Leaving Grandas de Saline this morning for Fonsegrada  – a good 25 km hike – our group of pilgrims spotted a familiar face. It was Frans from the Czech Republic, cheerful as ever and still going his pace. 

He arrived at the Albergue the previous night at 9 pm as most of the other pilgrims were getting ready for bed. For the past two days we had been wondering about him. The guy is amazing, limping, red-faced, his back hurting. If he has made it so far I’m sure he will manage the remaining 160 km to Santiago. Its amazing what will power and a positive mindset can do. I call him the hero of the day.

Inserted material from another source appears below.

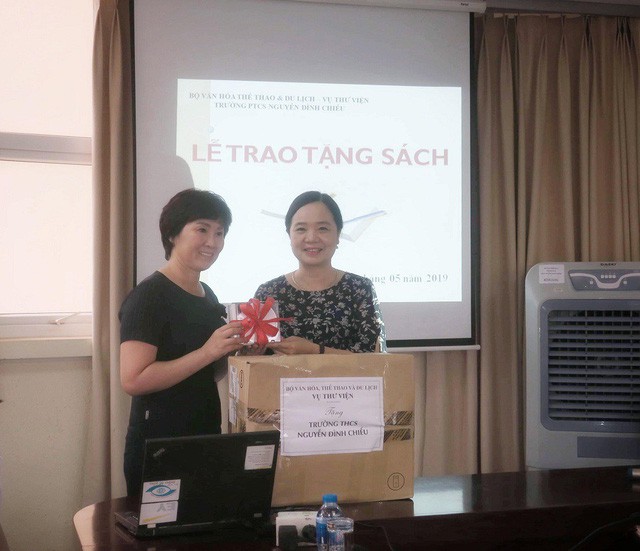 Vụ Thư viện trao tặng sách, đĩa cho học sinh trường PTCS Nguyễn Đình Chiểu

Frans – our hero of the day

Compared to the previous stages, the route to Fonsegrada is a relatively easy walk, taking us from the province of Asturias to Galicia. In Asturias the Camino scallop shell, that serves as the route marker along with the yellow arrow has the longest line of the shell pointing to Santiago with all the other lines symbolising the different routes on the St. James Way. In Galicia the shell points in the other direction which is sometimes confusing.


The scallop shell in Asturias

For the past few days I’ve been walking with Patricia from Germany. She has walked the Camino three times and she is an excellent help as she speaks fluent Spanish. Every morning at the start of our walk and climbing another steep hill I hear her mumbling: ‘This is my last Camino!’ Well I’ve taken a bet with her that she will be walking again.

 The Camino is challenging physically and mentally but it gives so much on so many levels.